In an era of social media and dating apps, when we have never been more connected yet more isolated, The Matchmaker is a story about love, loss and loneliness, and learning to accept your reality.

Published by Orion imprint Trapeze on 28th November 2019, The Matchmaker is available for pre-order here.

The River Home by Hannah Richell

The River Home TBR

The river can take you home. The river can take you under…

In their ramshackle Somerset home, its gardens running down to the river, the Sorrells have gathered for a last-minute wedding.

Lucy is desperate to reunite her fractured family. Eve is fighting to keep her perfect life together. Their father hovers at the edge of events with his second wife. Their mother, Kit, a famous author whose stories have run dry, still seethes with resentment towards her youngest child. And Margot, who left home eight years ago under a black cloud, is forced to come face to face with her darkness…

As the family come together for a week of celebration and confrontation, their relationships are stretched to breaking point. Can you ever heal the wounds of the past? Or will it always rise up to haunt you – like the echoes of a summer’s night, like the relentless flow of a river…

The River Home will be published on 19th March 2020 and is available for pre-order through these links (and if my proof is anything to go by that cover will be a stunner!)

A Patchwork Family by Cathy Bramley

A patchwork Family TBR

Love, friendship and family come in all different shapes and sizes…

Gina has been going with the flow for years – she’d rather have an easy life than face any conflict. She runs her childminding business from her cottage at the edge of The Evergreens, a charming Victorian house and home to three octogenarians who have far too much fun for their age.

But when The Evergreens is put up for sale, Gina and the other residents face losing their home. To protect her business and save her elderly friends from eviction, Gina must make a stand and fight for the first time in her life.

As Gina’s ideas for saving The Evergreens get bigger and bolder, she starts to believe it might just be possible.
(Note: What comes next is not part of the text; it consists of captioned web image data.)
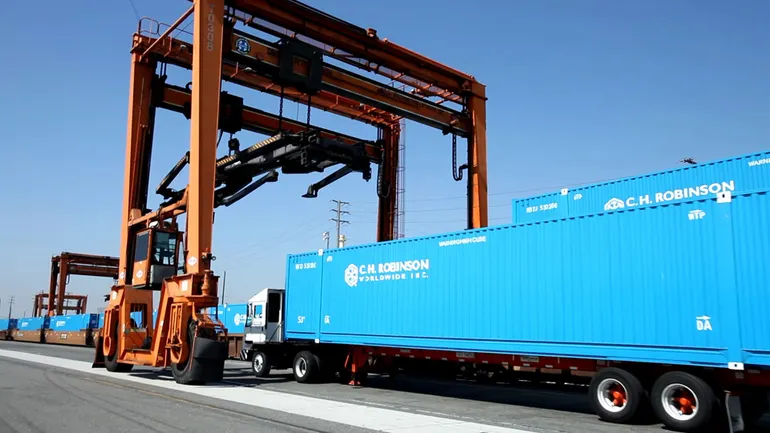 CH Robinson’s surface transportation business a bright spot in Q4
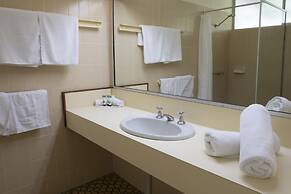 Mission Beach Resort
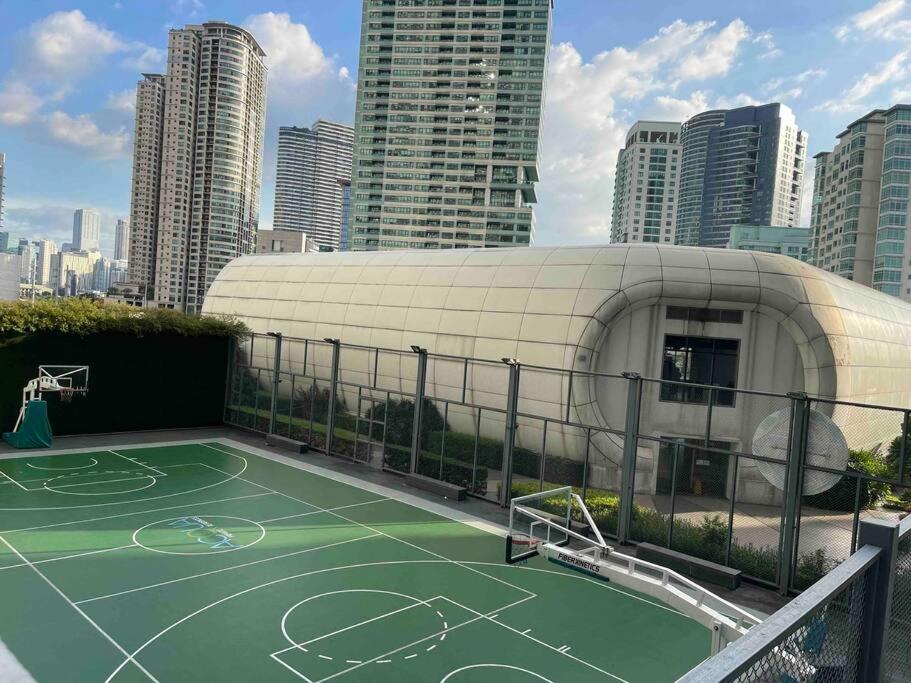 Cool 1br Acqua Livingstone W/ Netflix, Pool & Gym Apartment *
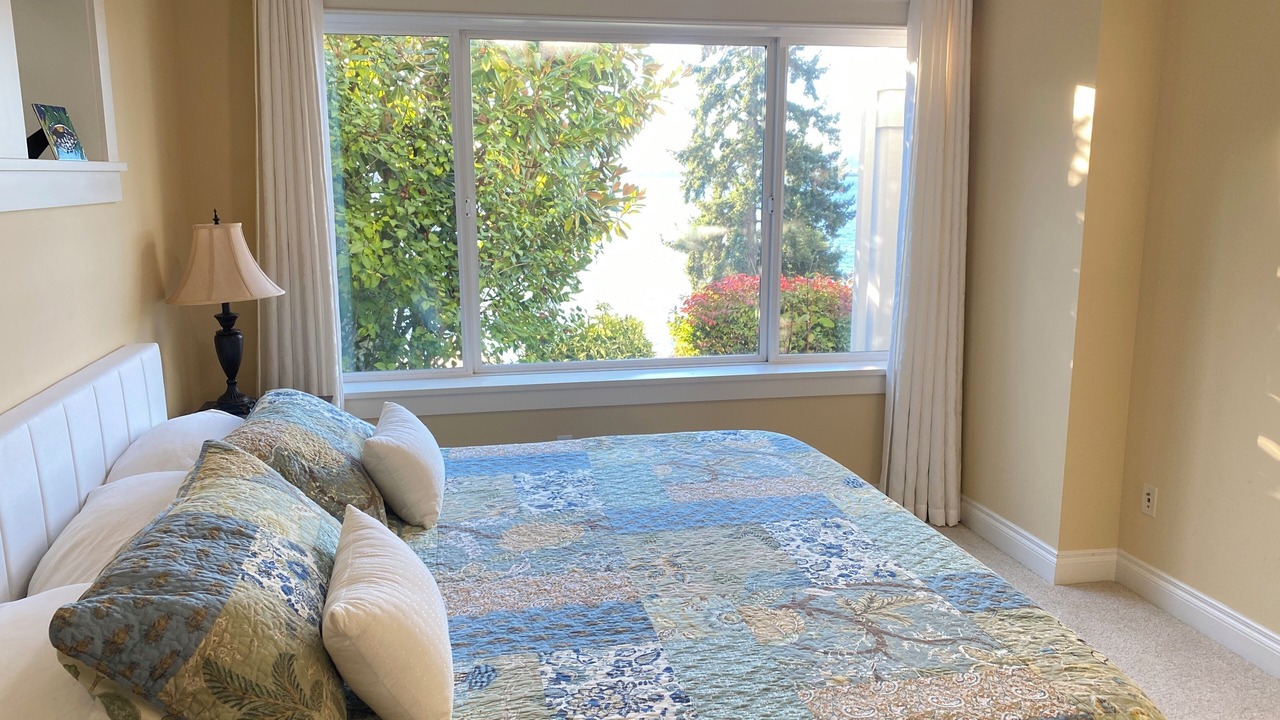 Photo of Bedroom in Mercer Island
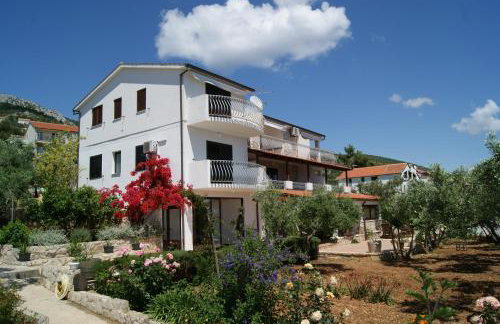 Apartmani Braco Caratan - Foto 1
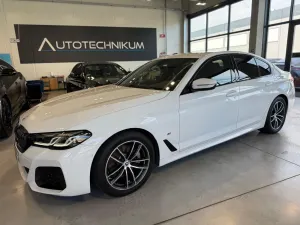 BMW 5 Series G30/G31 (2017-2023) 520d MHEV M Sport sport 2022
The only thing is, does she believe in herself?

Also published on 19th March 2020, A Patchwork Family is available for pre-order here.

Like A House on Fire by Caroline Hulse

I don’t even have a ‘to be revealed cover’ for this one yet so I’m including Caroline’s previous book, The Adults available through these links!

the adults

George and Stella’s marriage is over. They can’t decide exactly when that happened (Was it the coke can? Or that comment about Jurassic Park?), but they both agree that it has.

A couple of months after the separation, Stella’s mother, Margaret “The Force of Nature” Foy sends out invites for her murder mystery anniversary party – with George on the invite list. Stella hasn’t told her parents about the divorce, she couldn’t bring herself to. And with her father’s business shutting down, Margaret’s recent cancer diagnosis, and some very odd behaviour from her older sister Helen, now is clearly not a good time.

All they have to do is make it through the day without their secret being discovered. And in doing so, they may find each other again – or see their past and future both go up in flames…

Like A House on Fire will be published on 30th April and is available for pre-order here.

I’m well aware what a privilege it is to be invited to these events and I know how lucky I am to attend. Once again, I’d like to thank the Orion team for inviting me and I hope Linda’s Book Bag readers find some lovely new reads through this post.